Friday, 29 August 2025

Farage: the master of one-issue politics

Nigel Farage’s immigrant bashing speech on Tuesday presented a fantasy of figures pulled out of thin air and cited some highly dubious scaremongering statistics to support his weaponisation of the immigrant/refugee issue. 

Let's look at some facts. The reality is that no refugee has ever taken away vital funding for the NHS in order to give tax cuts to the better off. No refugee has ever defunded education in order to boost spending on armaments. No refugee ever lied and deceived about the UK’s relationship with Europe and made false promises that never had any chance of being delivered. No refugee was ever responsible for devastating the British economy’s trading links with its closest partners and then refused to acknowledge the harm and job losses that they caused. It’s not refugees who are responsible for rising prices for food and energy or the widening gap between rich and poor. It's not refugees who have underfunded practically every institution and item of infrastructure in the country for years.

Having lied about the problems of the UK being created by bureaucrats in Brussels and falsely promising a golden age for Britain once it had cut its ties to the European Union, Farage is attempting to repeat the same con trick, only now the enemies are refugees and human rights laws. 
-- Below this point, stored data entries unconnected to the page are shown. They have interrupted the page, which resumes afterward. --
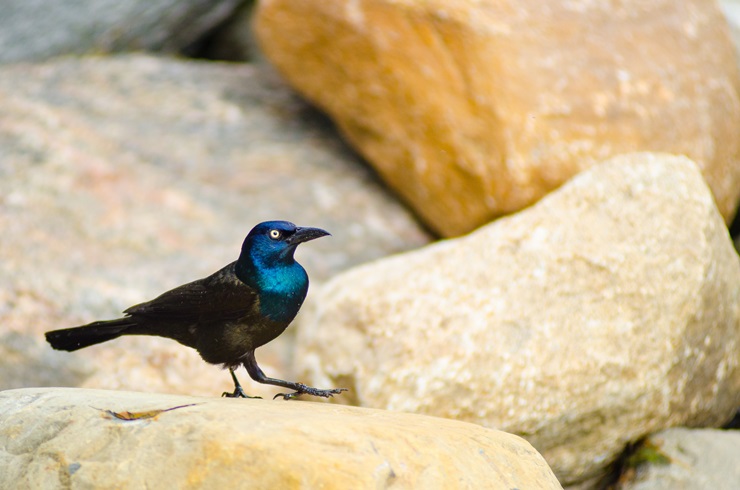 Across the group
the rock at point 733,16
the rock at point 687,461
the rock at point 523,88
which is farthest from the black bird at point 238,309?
the rock at point 733,16

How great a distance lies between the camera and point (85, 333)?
401 cm

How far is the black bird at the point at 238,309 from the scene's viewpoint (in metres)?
3.65

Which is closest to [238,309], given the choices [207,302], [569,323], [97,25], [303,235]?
[207,302]

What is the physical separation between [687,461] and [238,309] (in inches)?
92.4

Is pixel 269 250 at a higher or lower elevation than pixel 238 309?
higher

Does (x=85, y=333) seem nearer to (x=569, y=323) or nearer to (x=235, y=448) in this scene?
(x=235, y=448)

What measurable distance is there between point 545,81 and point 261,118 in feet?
7.95

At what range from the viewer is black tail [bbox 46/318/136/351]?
4.00 meters

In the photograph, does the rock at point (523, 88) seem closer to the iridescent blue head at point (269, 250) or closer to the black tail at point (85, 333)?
the iridescent blue head at point (269, 250)

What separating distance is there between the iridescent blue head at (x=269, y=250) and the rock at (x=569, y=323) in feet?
3.99

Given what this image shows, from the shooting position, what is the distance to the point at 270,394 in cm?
531

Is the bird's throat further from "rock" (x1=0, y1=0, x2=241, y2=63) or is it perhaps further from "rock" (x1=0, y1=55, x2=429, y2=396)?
"rock" (x1=0, y1=0, x2=241, y2=63)

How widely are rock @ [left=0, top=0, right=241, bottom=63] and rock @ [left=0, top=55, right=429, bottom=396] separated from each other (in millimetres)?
163

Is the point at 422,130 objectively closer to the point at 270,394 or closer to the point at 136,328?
the point at 270,394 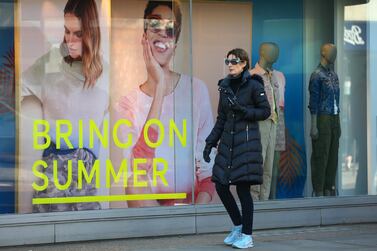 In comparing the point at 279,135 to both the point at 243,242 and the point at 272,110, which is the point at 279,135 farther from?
the point at 243,242

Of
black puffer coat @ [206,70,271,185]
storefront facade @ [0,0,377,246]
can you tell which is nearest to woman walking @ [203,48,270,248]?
black puffer coat @ [206,70,271,185]

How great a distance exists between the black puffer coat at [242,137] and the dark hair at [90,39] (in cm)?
205

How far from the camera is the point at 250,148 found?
6.70 metres

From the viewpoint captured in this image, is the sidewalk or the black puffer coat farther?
the sidewalk

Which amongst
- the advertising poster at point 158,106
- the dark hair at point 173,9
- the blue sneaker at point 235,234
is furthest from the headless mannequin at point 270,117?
the blue sneaker at point 235,234

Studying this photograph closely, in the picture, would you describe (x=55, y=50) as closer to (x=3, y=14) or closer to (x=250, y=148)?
(x=3, y=14)

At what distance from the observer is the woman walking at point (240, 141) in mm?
6660

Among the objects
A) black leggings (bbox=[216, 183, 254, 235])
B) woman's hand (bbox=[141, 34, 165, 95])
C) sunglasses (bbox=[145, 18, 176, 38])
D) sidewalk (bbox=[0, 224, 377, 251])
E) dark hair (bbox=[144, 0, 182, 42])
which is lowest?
sidewalk (bbox=[0, 224, 377, 251])

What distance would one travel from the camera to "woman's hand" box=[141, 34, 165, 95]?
857 cm

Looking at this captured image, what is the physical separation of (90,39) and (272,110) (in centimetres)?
259

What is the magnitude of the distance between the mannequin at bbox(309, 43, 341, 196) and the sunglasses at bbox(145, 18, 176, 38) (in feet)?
7.00

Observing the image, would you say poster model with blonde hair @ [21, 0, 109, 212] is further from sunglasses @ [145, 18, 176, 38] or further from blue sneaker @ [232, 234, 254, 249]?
blue sneaker @ [232, 234, 254, 249]

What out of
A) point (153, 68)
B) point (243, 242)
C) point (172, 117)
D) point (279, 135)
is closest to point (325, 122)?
point (279, 135)

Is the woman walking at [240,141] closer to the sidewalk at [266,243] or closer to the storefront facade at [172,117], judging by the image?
the sidewalk at [266,243] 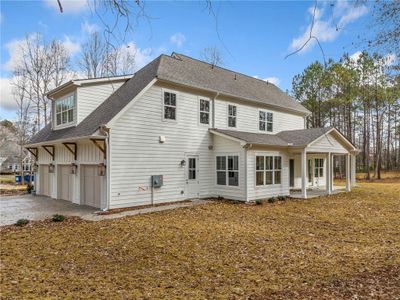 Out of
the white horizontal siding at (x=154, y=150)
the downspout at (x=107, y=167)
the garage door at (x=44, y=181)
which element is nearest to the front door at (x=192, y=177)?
the white horizontal siding at (x=154, y=150)

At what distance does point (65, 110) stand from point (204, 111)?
6868 mm

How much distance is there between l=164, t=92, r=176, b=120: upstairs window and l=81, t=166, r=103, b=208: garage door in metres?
3.94

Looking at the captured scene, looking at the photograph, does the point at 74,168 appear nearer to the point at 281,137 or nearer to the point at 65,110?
the point at 65,110

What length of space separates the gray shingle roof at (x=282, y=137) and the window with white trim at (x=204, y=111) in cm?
77

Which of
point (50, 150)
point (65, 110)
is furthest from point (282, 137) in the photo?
point (50, 150)

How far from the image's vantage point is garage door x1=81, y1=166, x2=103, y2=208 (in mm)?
11914

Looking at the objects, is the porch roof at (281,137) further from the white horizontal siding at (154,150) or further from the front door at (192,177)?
the front door at (192,177)

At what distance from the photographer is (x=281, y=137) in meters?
17.5

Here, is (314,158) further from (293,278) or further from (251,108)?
(293,278)

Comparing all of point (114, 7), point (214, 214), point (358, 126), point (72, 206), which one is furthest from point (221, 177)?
point (358, 126)

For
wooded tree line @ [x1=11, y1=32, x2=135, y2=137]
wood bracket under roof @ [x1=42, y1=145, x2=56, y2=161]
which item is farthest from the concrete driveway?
wooded tree line @ [x1=11, y1=32, x2=135, y2=137]

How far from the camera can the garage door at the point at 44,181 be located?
16016 mm

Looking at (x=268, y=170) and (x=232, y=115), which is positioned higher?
(x=232, y=115)

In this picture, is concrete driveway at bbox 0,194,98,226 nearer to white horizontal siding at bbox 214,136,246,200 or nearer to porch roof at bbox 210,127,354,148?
white horizontal siding at bbox 214,136,246,200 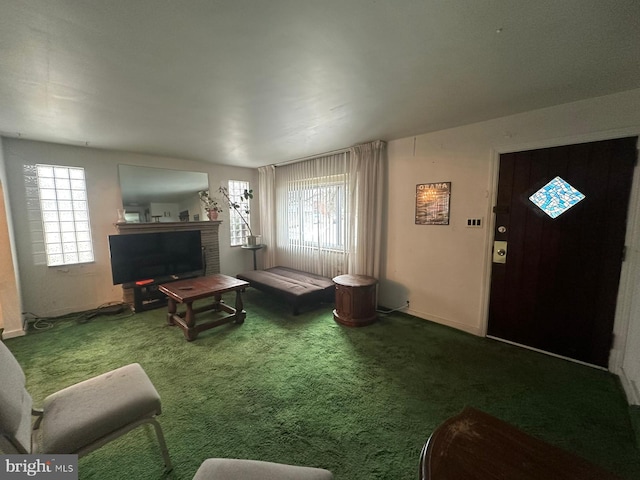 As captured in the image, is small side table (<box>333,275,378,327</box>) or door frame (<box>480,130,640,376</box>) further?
small side table (<box>333,275,378,327</box>)

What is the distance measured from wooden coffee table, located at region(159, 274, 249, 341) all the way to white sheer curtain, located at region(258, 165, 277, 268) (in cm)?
178

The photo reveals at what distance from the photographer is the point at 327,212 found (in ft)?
14.2

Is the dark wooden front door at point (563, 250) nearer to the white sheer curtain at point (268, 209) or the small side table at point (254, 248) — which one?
the white sheer curtain at point (268, 209)

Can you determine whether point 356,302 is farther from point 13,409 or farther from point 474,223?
point 13,409

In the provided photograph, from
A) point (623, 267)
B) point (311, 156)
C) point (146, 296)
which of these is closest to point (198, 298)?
point (146, 296)

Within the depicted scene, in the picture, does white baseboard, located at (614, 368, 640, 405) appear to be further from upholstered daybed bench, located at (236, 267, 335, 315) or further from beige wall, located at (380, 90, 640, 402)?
upholstered daybed bench, located at (236, 267, 335, 315)

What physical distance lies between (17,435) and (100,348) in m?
2.01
Farage’s speech was predictably broadcast by a fawningly uncritical UK media which is increasingly treating him as a prime minister in waiting. The speech featured entirely made up figures about how much his mass deportation plan was going to cost and/or save. He insisted that his plan would cost £10 billion over five years, although a very similar plan put forward by former Reform MP Rupert Lowe was costed at £47.5 billion over five years. Farage predictably waved away questions asking him to explain the difference. He has previously said Reform would use RAF sites in remote locations to house and deport people, but has repeatedly refused to say where they would be, meaning that likely costs are impossible to assess. We are supposed to take Farage’s word for it that his plan will only cost £10 billion but will “save tens and possibly hundreds of billions of pounds.” Quite how it’s going to save all this money he didn’t say. Nige doesn’t deal in reality, he deals in racist jibes and English victimhood.

Farage proposes to introduce these mass deportations by withdrawing the UK from the European Convention on Human Rights (ECHR). As well as leaving the ECHR, Farage seeks to repeal the Human Rights Act and disapply the 1951 Refugee Convention and the UN Convention Against Torture as well as the Council of Europe’s anti-trafficking convention.
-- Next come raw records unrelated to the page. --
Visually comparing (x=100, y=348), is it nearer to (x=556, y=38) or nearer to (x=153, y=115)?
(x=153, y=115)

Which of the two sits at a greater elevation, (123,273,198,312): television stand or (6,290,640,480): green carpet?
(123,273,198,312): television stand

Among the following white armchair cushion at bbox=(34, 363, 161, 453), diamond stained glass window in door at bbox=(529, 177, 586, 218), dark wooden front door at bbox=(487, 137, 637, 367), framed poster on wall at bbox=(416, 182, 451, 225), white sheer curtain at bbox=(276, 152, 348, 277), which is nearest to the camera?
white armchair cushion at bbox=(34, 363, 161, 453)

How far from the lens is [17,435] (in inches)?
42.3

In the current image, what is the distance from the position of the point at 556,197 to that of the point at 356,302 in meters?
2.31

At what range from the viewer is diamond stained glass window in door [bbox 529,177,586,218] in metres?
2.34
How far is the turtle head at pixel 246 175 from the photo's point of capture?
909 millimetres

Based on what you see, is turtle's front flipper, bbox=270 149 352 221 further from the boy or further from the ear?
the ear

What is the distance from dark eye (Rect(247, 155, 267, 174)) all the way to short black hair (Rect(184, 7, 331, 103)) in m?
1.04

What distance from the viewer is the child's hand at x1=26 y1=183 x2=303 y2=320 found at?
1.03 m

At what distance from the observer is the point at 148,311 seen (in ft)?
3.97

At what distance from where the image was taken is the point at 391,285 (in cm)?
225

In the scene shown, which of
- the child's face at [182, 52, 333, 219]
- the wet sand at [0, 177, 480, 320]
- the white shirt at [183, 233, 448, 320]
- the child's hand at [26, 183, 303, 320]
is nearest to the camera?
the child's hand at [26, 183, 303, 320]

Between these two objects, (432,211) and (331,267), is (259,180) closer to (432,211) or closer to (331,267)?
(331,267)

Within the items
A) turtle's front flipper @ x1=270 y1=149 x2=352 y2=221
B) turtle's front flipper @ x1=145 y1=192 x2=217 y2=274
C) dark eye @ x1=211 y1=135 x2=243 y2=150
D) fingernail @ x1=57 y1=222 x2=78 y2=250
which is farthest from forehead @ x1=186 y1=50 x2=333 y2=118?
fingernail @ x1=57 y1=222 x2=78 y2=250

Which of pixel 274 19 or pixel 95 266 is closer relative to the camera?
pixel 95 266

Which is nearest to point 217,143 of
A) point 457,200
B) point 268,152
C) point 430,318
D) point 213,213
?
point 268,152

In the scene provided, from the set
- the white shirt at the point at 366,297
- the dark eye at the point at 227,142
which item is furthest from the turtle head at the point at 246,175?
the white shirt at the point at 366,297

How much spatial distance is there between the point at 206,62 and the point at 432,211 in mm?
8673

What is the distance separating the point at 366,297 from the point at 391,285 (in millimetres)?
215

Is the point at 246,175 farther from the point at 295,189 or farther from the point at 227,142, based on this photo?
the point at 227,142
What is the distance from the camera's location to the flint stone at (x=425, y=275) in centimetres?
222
Make no mistake, when a government repeals Human Rights legislation and withdraws from international treaties on human rights that have been in place for many decades, it’s not going to use its new powers solely against refugees and asylum seekers. It’s the human rights of all of us which are on the line. It’s the employment and civil rights of all of us which will be threatened. 
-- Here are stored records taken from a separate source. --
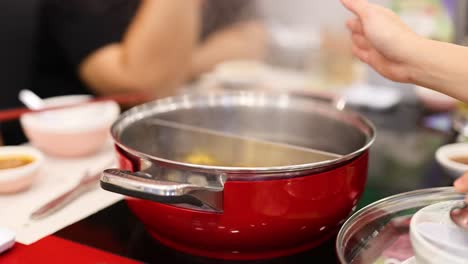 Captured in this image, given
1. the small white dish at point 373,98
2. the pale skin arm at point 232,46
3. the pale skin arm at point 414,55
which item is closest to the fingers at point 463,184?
the pale skin arm at point 414,55

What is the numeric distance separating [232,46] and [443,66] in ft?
5.63

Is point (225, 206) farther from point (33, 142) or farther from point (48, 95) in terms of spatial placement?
point (48, 95)

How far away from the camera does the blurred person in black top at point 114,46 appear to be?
6.45 feet

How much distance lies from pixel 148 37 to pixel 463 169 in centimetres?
123

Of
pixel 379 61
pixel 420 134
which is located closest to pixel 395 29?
pixel 379 61

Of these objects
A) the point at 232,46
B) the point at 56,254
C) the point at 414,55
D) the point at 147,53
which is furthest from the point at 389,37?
the point at 232,46

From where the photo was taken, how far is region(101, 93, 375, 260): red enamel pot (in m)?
0.75

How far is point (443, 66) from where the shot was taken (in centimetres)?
73

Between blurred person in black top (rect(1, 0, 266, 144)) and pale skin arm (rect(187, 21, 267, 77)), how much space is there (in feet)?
0.30

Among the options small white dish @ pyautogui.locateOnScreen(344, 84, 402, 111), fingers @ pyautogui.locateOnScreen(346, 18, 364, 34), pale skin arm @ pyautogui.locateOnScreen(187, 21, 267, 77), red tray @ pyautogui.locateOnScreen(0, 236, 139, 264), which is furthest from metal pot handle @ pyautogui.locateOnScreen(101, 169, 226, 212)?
pale skin arm @ pyautogui.locateOnScreen(187, 21, 267, 77)

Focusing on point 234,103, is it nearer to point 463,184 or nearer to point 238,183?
point 238,183

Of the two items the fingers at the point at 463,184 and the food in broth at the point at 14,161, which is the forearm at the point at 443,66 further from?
the food in broth at the point at 14,161

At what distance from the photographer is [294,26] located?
2568mm

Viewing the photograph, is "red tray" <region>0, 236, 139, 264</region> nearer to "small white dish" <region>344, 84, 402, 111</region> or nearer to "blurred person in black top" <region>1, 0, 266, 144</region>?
"small white dish" <region>344, 84, 402, 111</region> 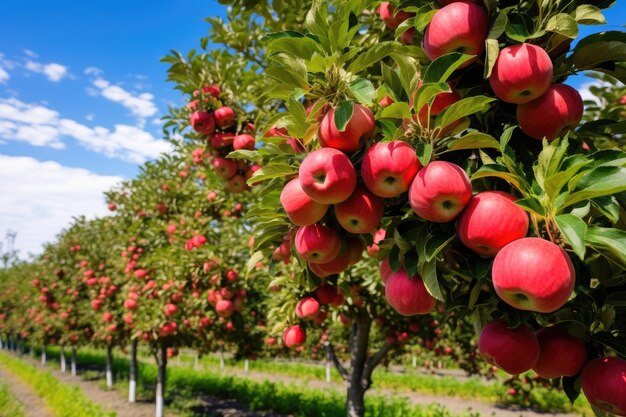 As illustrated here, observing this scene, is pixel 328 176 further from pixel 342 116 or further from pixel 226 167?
pixel 226 167

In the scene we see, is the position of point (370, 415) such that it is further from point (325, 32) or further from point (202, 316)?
point (325, 32)

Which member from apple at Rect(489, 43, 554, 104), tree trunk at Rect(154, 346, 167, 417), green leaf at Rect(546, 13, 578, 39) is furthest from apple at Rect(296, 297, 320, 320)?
tree trunk at Rect(154, 346, 167, 417)

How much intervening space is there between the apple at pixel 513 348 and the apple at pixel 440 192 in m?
0.42

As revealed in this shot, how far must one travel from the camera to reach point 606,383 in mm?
1270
Leaving the ECHR runs a coach and horses through the Good Friday Agreement which underpins peace in Northern Ireland. Not that Farage will have considered that, or cared about it if he had.

He ignored questions about whether he was concerned that he could deport people to countries where they might face torture or death. He doesn’t care. His supporters lap up the cruelty and cheer it on. For them the cruelty is the point. But, as Trump’s MAGA voters in America have been finding out the hard way, the populist hard right only looks after the interests of the rich and powerful.

It’s not just the British media which has normalised Farage’s vile language and his talk of “invasion”, the Labour party under Starmer is complicit in it too. Starmer has refused to condemn the scaremongering and rabble rousing language used by Farage and there is no sign that he is going to make a positive case for immigration.

British politics have become extremely ugly. Blatant lies and the demonisation of minorities are the order of the day. Compassion has been replaced by contempt. The UK is headed to a cess pit of hatred and bigotry in which marginalised minorities are demonised and scapegoated for the sins of others. Extravagant language? I don't think so and I'd love to be proven wrong.